Skip to main content

Cron Jobs

Crons

To run the jobs automaticity, you can create cronjobs. The exact implementation depends on your hosting provider. 

There are four different options to run cron jobs. 

  • Using the administrator cron module. This module provides a pseudo cron that runs in the background while you are logged in. This keeps the extracted and checked links up to date while you are working in the administrator.
  • Using the HTTP interface from your browser or using tools like wget and curl.
  • Using Joomla's build in task scheduler.
  • Using Joomla's Command line interface.

The Maintenance menu in the administrator shows the links and command to use for the HTTP and CLI cron.

Whether you can run the CLI command from a cronjob depends on your hosts' configuration. Alternatively, you can head over to System ⇾ Scheduled Tasks and create a GET Request using the URL's provided.

Using the Command Line is the most effective method to parse and check links in batches. 

Cron Frequency?

Extracting frequency

With the Admin Pseudo Cron Module active items should be reprocessed will you are active in the administrator. 

With the global or extractor setting 'Extract on Save' active, items should be reprocessed on save.

Furthermore, Articles and most other content types in Joomla have a 'modified on date', so only changed items will be reprocessed. So in general the extract cron won't need a high frequency.  Maybe daily to process items without modified dates

If your site has a lot of unattended changes, like with the publish-up and publish-down times for articles, you might need to decrease the interval.

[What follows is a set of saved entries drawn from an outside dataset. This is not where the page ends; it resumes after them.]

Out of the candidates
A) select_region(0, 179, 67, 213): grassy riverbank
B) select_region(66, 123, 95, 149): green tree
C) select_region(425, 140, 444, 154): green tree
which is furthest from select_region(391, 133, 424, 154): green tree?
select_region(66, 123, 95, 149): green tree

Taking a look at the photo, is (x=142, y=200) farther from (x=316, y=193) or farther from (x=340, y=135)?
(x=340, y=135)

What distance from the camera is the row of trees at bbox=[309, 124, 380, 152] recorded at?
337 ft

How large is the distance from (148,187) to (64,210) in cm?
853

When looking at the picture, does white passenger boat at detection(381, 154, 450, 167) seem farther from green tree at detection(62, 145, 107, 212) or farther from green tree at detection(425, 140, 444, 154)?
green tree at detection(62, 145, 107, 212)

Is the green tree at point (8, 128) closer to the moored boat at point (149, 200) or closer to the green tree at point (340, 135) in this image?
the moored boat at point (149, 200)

Or set the option 'Only extract from published content' to off.

Check frequency

The frequency to recheck extracted links depends on the number of links and the recheck interval.

You will find an estimate on the Maintenance page.

Domain throttling

To prevent flooding a remote host, there is a request limit per domain. You can change the period between two requests to the same host in the BLC Options.

If you have a lot of links to the same domain, you might need several cron runs to check them all.

 

Other Options

There are quite a few settings to control the cron jobs. Like batch sizes and check frequency. These options are depicted on the main options page

Maximum execution time

There are no maximum execution time settings. An aborted operation will simply restart the next time. 

If multiple cron's run simultaneously, Inserting links into the database can collide, and you might get database errors (duplicate entry).